I should also say that my experience growing up as a girl in the Church in New York was, sort of, added to by the act that I went to an all-girls school for thirteen years. So I went to school with the same couple of dozen girls for my entire schooling. This was a school that really was focused on second wave feminist principles and making sure that we got the support that we needed, in the eighties and nineties, to become future leaders ourselves. So the curriculum there, the people that I met there, my teachers, the whole sort of aura of that, for me really served to balance out and compliment my faith. I’ve talked to some class members who were sort of going through that same experience, but maybe in other faith traditions, and they had different experiences. They found it a little bit in conflict. They couldn’t really reconcile them, but for me, I was receiving a sort of education on priorities, my spiritual priorities, my character priorities at church, and then I was, sort of, also being supported at school in my temporal priorities and my ambitions for myself. I guess maybe because of my mom’s example, I didn’t feel like those things were in conflict. I felt like I could do everything. And so, it was a really powerful combination for me personally. 

MW: Were there any particular experiences with individual women, that you admired growing up, that are important to what’s become of you, or what you’ve grown to be? 

NB: Oh, so many. I had so many strong female mentors growing up. I got to this point that after I went to college, and after I spent my young adult years in San Francisco—and I was in the Relief Society presidency in my ward in San Francisco—and I just saw these problems continue to plague these girls that I was getting to know. 

And so, I think it was looking back at those women that I grew up with, that I feel like I had kind of a unique offering in their stories, and in the way that they had affected me. And so, in 2008, I was home with my third child. I felt like it was a really good time to put out these stories of some of these women. And of course, I had made new mentors and new women that I admired along the way, since leaving New York and since leaving my childhood, and so I actually started interviewing them. And the first person that I interviewed was actually younger than me. She was a recent college graduate, and she had joined the church after September 11th,  because she had started to look for an equal and opposite goodness to the evil in the world—then to what she had seen expressed on September 11—and she found the church that way, and had since become an environmental lawyer. And she was a dear friend, and I just found her very inspiring. And so, I interviewed her. 

MW: And you are talking about the Mormon Women Project.

NB: Yeah, so MormonWomen.com launched with about eighteen interviews. Over the past twelve years, its grown to hundreds of interviews from about thirty-two different countries.
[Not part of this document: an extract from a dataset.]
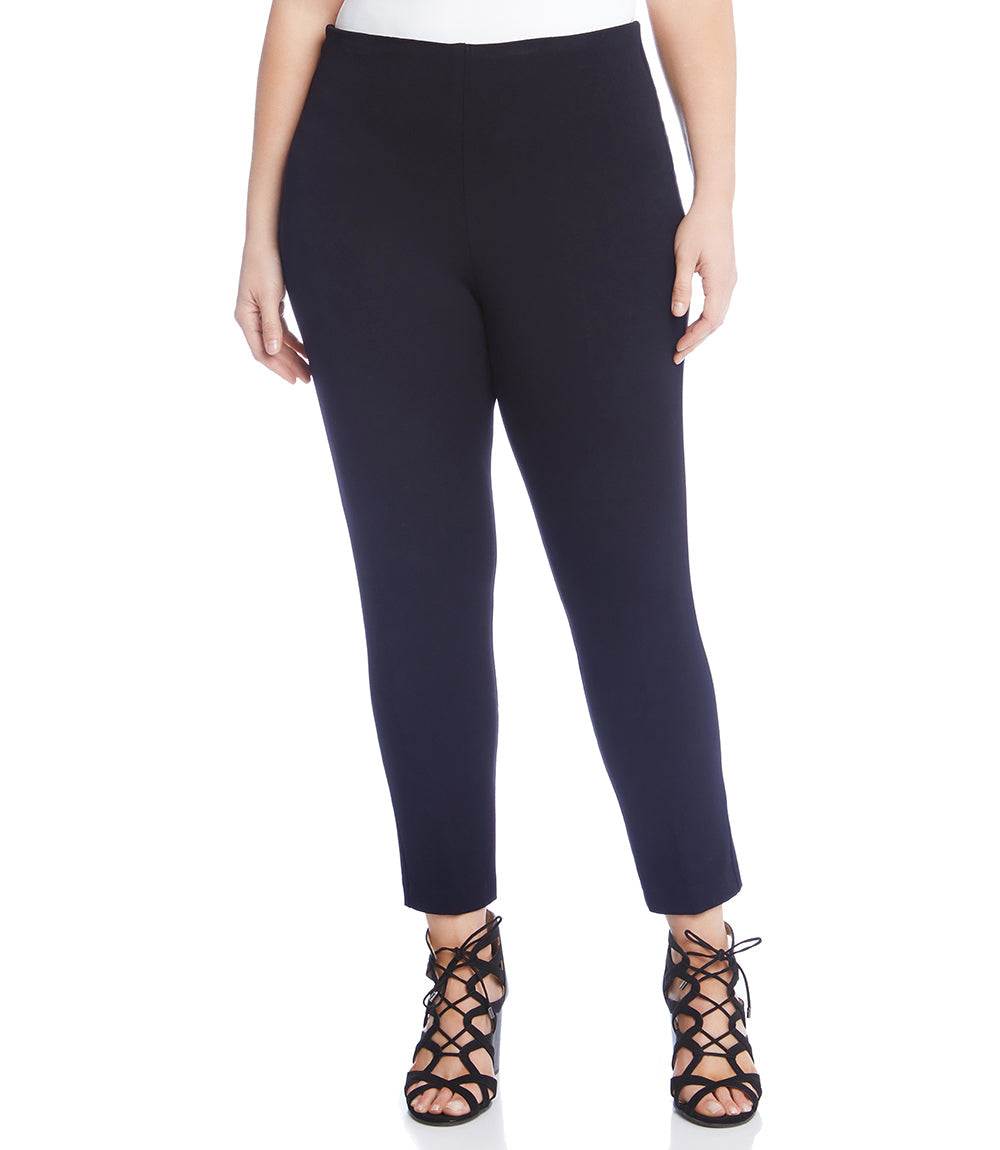 Plus size navy ankle-length Piper pants with cigarette fit and elastic waistband modeled with black lace-up heels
And I gave up editorship of it about three years ago, and the new editors have just done marvelous things with it. They have a podcast and blogs. They do this wonderful Sunday School series where they have essays from a female point of view based on each week’s lesson, and they have done just a wonderful job with it, but I did probably about three hundred interviews over the course of my—

MW: Wow.

NB: —time. Yeah, you know how that is. I loved that so much because I just felt like it was this sacred time where I would be speaking with, like, the first member of the Relief Society in Russia, right? Or somebody that had adopted a bunch of children, or maybe didn’t have something quite so grandiose, but that they had been nominated by a friend or a family member for some special reason, and it was just a really sacred thing to be able to sit down with them for a couple of hours and be able to hear their faith journey. 

MW: And you are changed, aren’t you? When you interview people, you yourself are implicated, and you are changed every time and lifted. At least I have had that experience. 

NM: Absolutely.

MW: Let’s talk about your books. How to be a Twenty-First Century Pioneer Woman, published in 2008. Women at Church: Magnifying LDS Women’s Local Impact, in 2014.

NM: Well, that first one, you’ve really done your research because it’s, kind of—that one takes some digging to find. That was a collection of personal essays that self-published, and that was really—so in my maternity leaves, and just kind of when my husband was in business school, I turned to writing. That is what I did with my extra time. I had been an English major and had written a lot in high school. I had won some awards for my writing, so it wasn’t out of the blue. That was my love, but the personal essays came at a time in my life when I had time to sit down, and reflect, and do that. So I wrote a series of personal essays—I guess it was in my mid-twenties—and self-published it. I think about ten people read it, which is fine. It’s a good practice. Every writer needs to just have the practice of having something to work towards. But Women at Church, came as a direct result of the work that I had done on the Mormon Women Project. In 2012, when I had been running the MWP for about three years, the public affairs department of the church actually recommended me to a group called Fair Mormon to speak at their annual conference. And Fair was a group of apologists, so a pretty tow the line group, that really was a different audience than anything that I had ever encountered before, and I took the assignment very seriously. I wanted to, sort of, push the envelope, but I didn’t want to say anything to offend or shut them off to me. So I spent a lot of time on that speech. 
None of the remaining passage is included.